=== Begin Enclosure ===
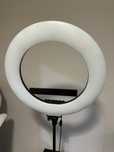 Lampa Mitoya ring 45cm + zasilacz + baterie + ładowarka do baterii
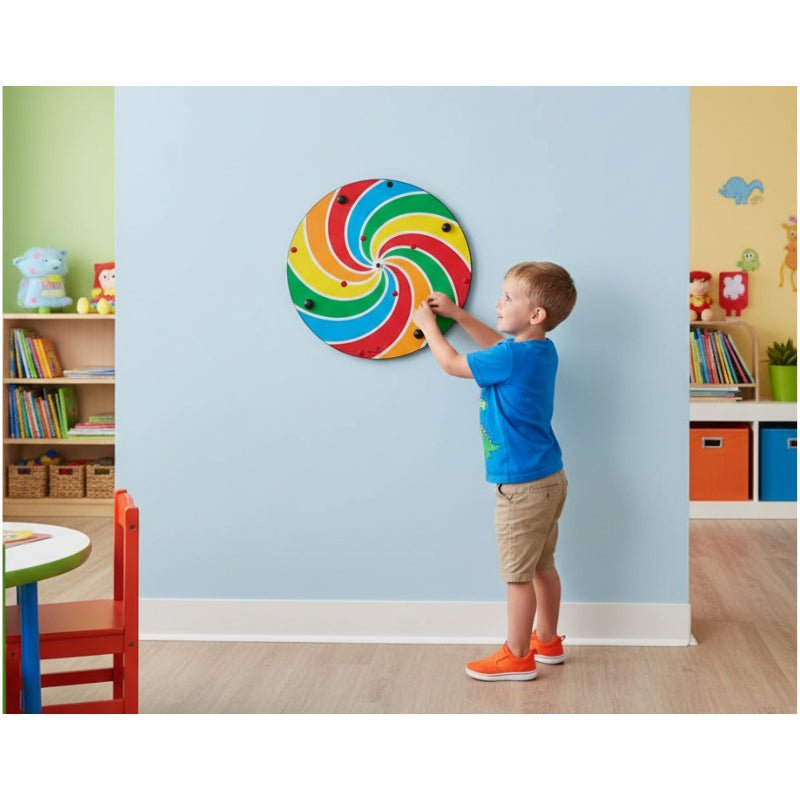 Lollipop Pinwheel Wall Activity Toy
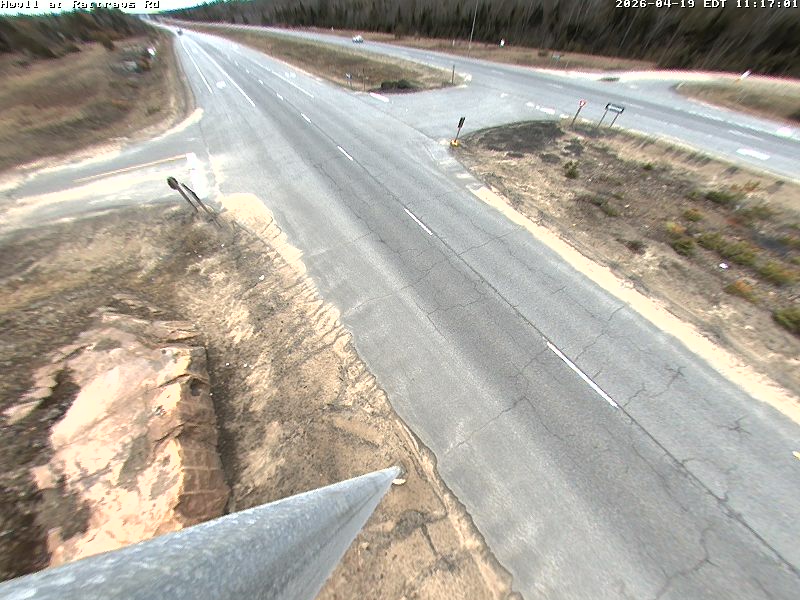 Highway 11 at Rattrays Road — Looking South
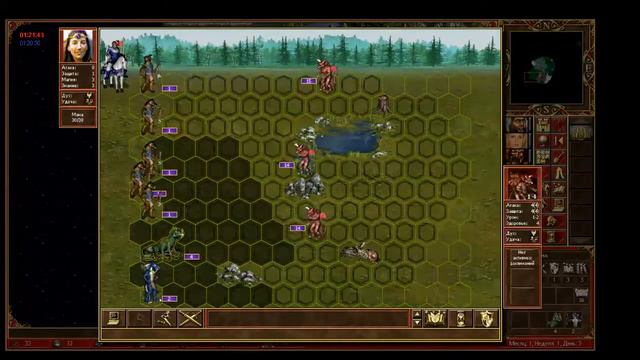 #32. HoMM3. Muunis (Крепость) vs Zillot (Замок). Derzhava. Турнир подписчиков 2017 смотреть онлайн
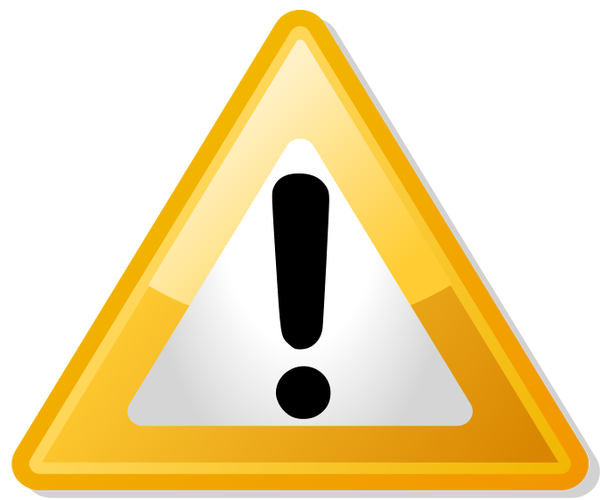 Datei:Warning Yellow.svg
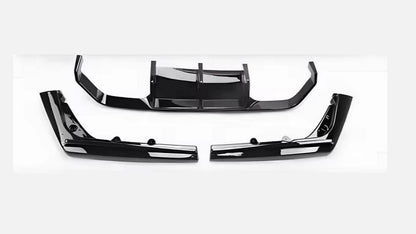 DYFUZOR SPOILER BMW M3 M4 F80 F82 F83 CZARNY POŁYSK dokładka zderzaka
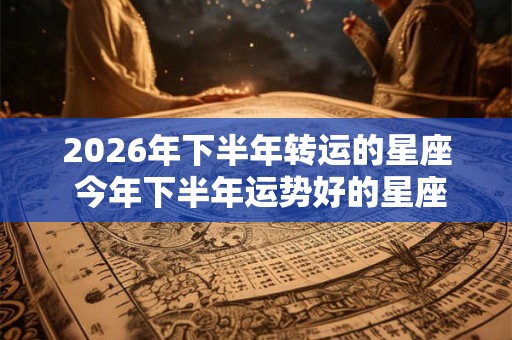 2026年下半年转运的星座 今年下半年运势好的星座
=== End Enclosure ===
Transcribe every entry above exactly. Omit all pictures.

## RESPONSE AREA
 Lampa Mitoya ring 45cm + zasilacz + baterie + ładowarka do baterii
 Lollipop Pinwheel Wall Activity Toy
 Highway 11 at Rattrays Road — Looking South
 #32. HoMM3. Muunis (Крепость) vs Zillot (Замок). Derzhava. Турнир подписчиков 2017 смотреть онлайн
 Datei:Warning Yellow.svg
 DYFUZOR SPOILER BMW M3 M4 F80 F82 F83 CZARNY POŁYSK dokładka zderzaka
 2026年下半年转运的星座 今年下半年运势好的星座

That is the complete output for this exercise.